Exercise:
Using the data below, output a verbatim copy of the lines between the one holding "Falconian Invaders (USA, Europe)" and the one holding "Energy Transfer’s $2.62", inclusive, without any pictures.

Exercise material:
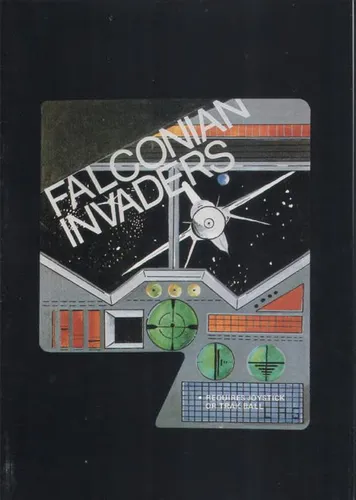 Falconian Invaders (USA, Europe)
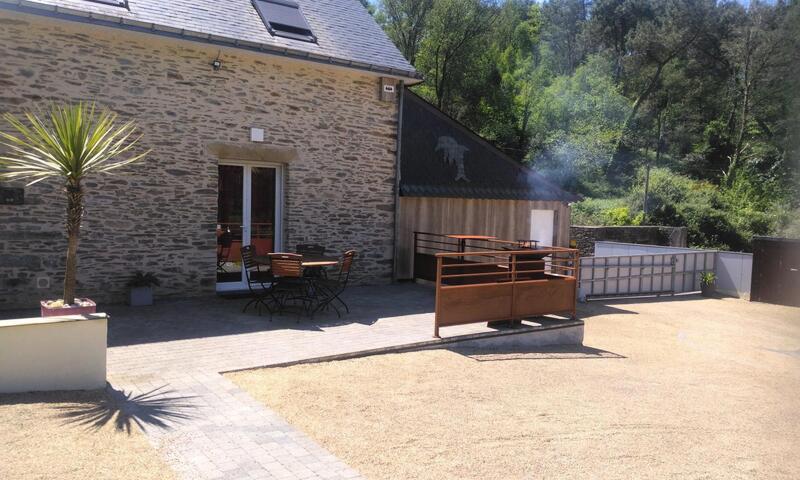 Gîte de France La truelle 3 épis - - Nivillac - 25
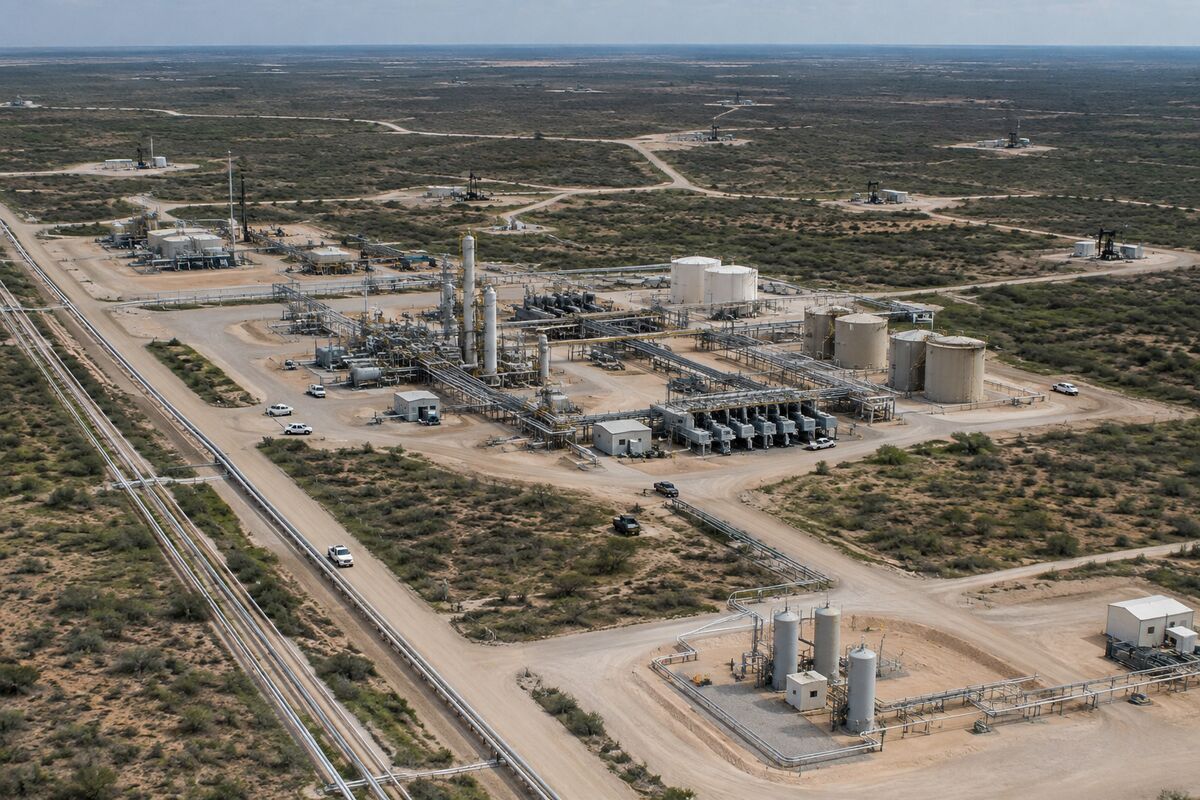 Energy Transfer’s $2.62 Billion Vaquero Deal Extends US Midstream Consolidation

---

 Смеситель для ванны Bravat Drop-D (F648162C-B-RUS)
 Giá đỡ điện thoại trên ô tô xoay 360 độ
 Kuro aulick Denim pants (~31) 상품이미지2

Reply:
 Falconian Invaders (USA, Europe)
 Gîte de France La truelle 3 épis - - Nivillac - 25
 Energy Transfer’s $2.62 Billion Vaquero Deal Extends US Midstream Consolidation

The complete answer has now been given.